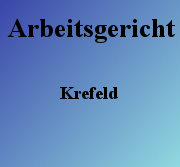 Arbeitsgericht Krefeld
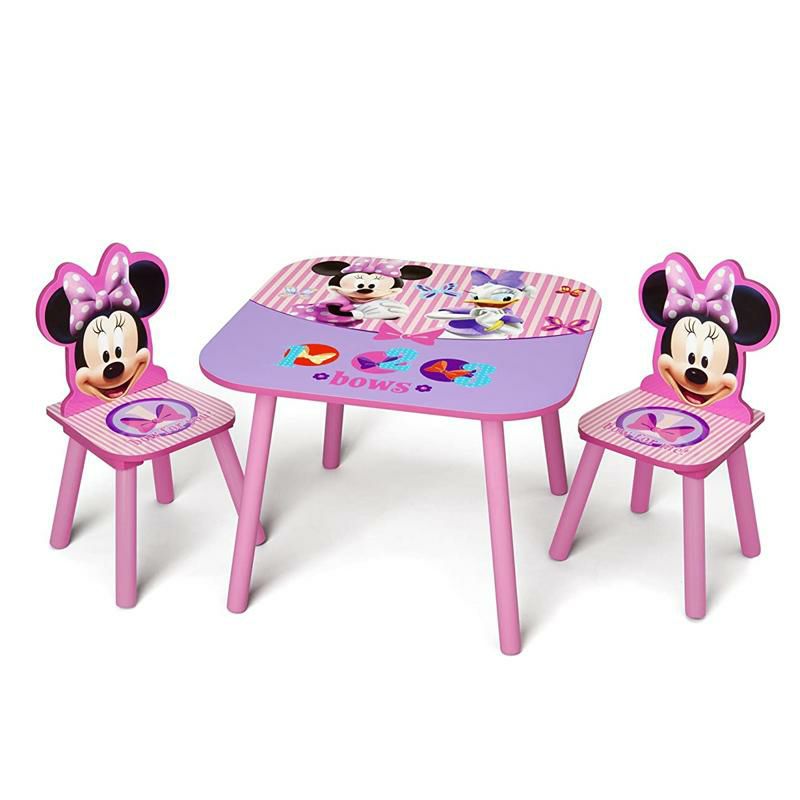 子供用テーブルチェアーミニーマウスディズニー椅子幼児DeltaChildrenKidsTableandChairSet(2ChairsIncluded),DisneyMinnieMouse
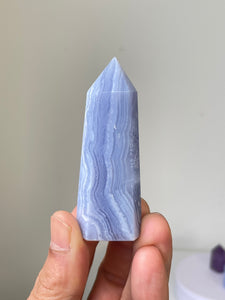 Blue Lace Agate Tower High Grade T181a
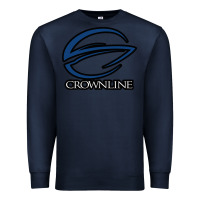 Navy Crownline Boats Premium Sweatshirt - ArtMosaic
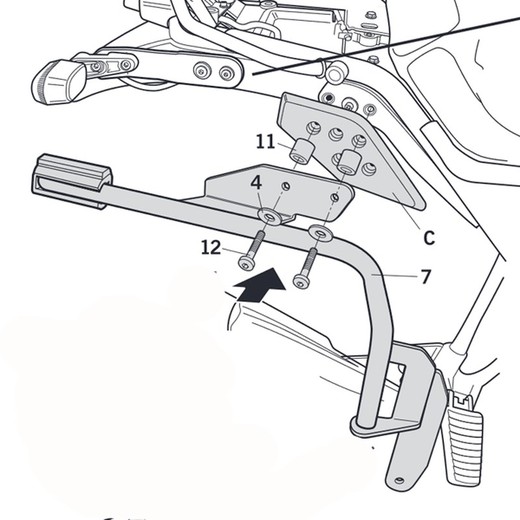 Soportes maletas laterales shad 3p royal enfield himalayan 410 '18>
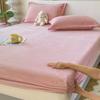 Sombrero de cama de terciopelo de leche al por mayor color sólido cálido colcha individual otoño e invierno franela engrosada funda sujetadora para colchón doble invierno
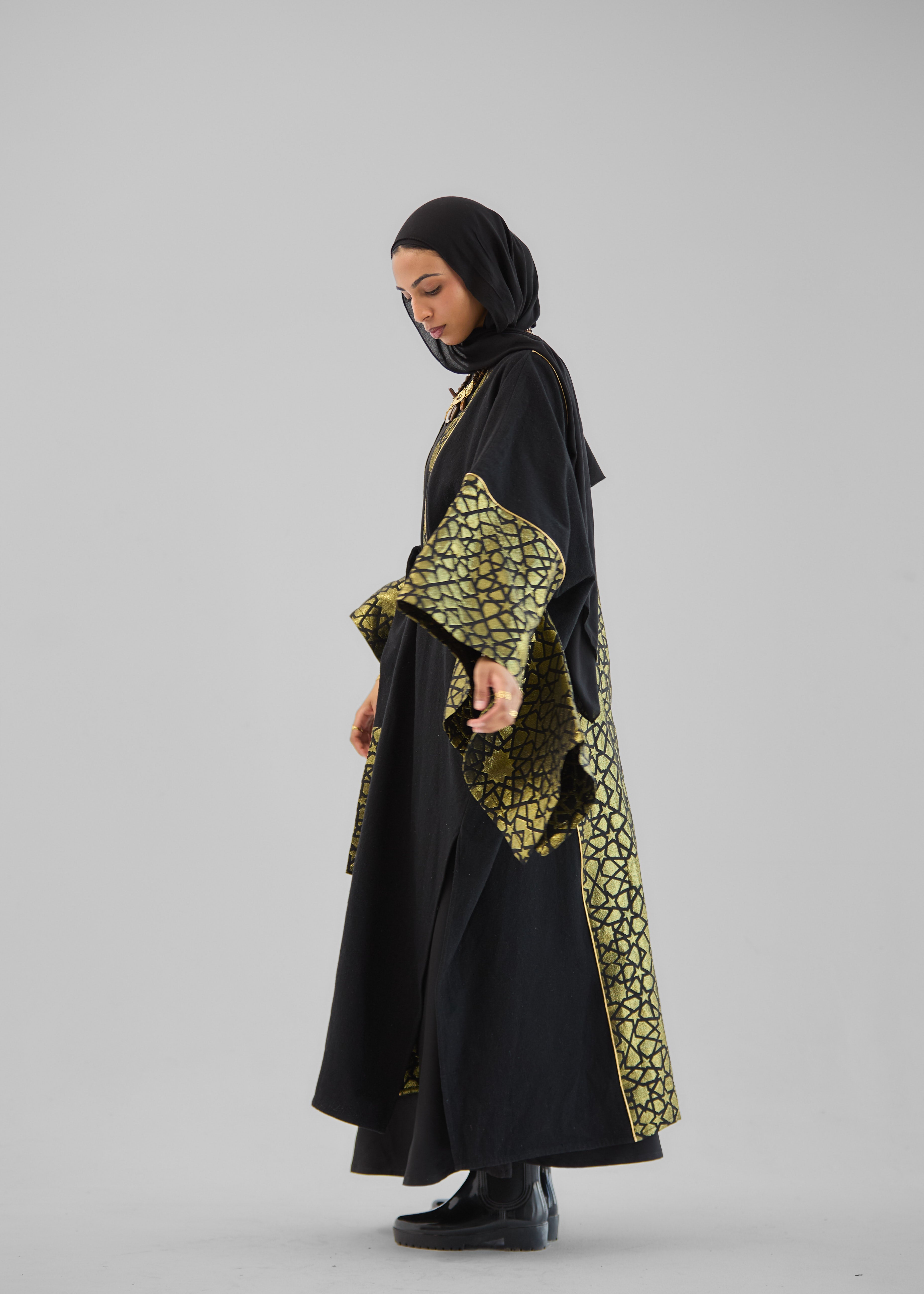Mashrabeya Golden kaftan - AB ESSENTIALS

**********

**Your task**
Give every entry back unchanged, with no pictures.

**Task answer**
 Arbeitsgericht Krefeld
 子供用テーブルチェアーミニーマウスディズニー椅子幼児DeltaChildrenKidsTableandChairSet(2ChairsIncluded),DisneyMinnieMouse
 Blue Lace Agate Tower High Grade T181a
 Navy Crownline Boats Premium Sweatshirt - ArtMosaic
 Soportes maletas laterales shad 3p royal enfield himalayan 410 '18>
 Sombrero de cama de terciopelo de leche al por mayor color sólido cálido colcha individual otoño e invierno franela engrosada funda sujetadora para colchón doble invierno
Mashrabeya Golden kaftan - AB ESSENTIALS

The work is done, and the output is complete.